The evolution of chloroquine resistance in P. falciparum is a matter of enormous practical importance, since malaria kills something like 1 million people a year. The precise genetic mechanism, involving a sequence of changes to one particular protein, is under active investigation, as is the intriguing fact that a parasite lineage that has acquired resistant to one drug can have increased sensitivity to others. [18] Such are the fruits of the “materialistic explanations” that Behe and his colleagues wish to replace [19] with “theistic understanding”.
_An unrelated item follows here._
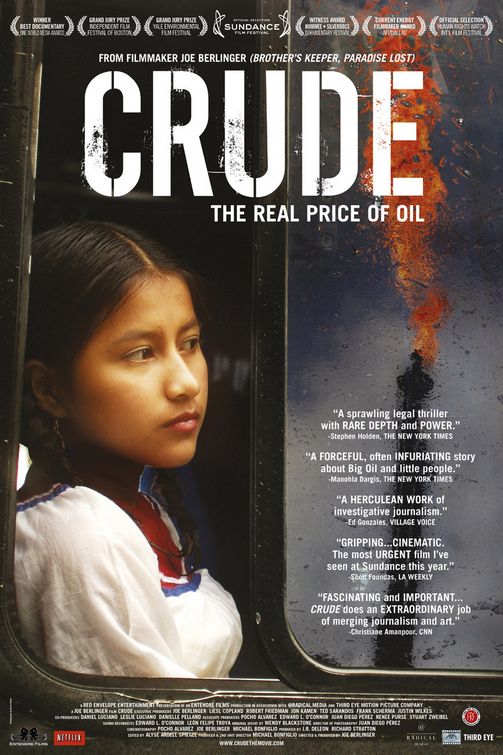 1000 piece jigsaw puzzle for the movie poster: Crude (2009)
Addendum: shortly after Behe's review appeared, an extensive study of the evolutionary history of 3,983 gene families across the three domains of life (Archaea, Eubacteria, Eukaryotes) was published in Nature.[20] To quote the MIT press release,[21] “The work suggests that the collective genome of all life underwent an expansion between 3.3 and 2.8 billion years ago, during which time 27 percent of all presently existing gene families came into being.” As Figure 1 (publicly available; see Footnote 20) clearly shows, the generation of new function outstrips and precedes the loss of older function. This is a massive refutation of Behe's line of argument, and of the use that the Creationists and their allies would wish to make of it.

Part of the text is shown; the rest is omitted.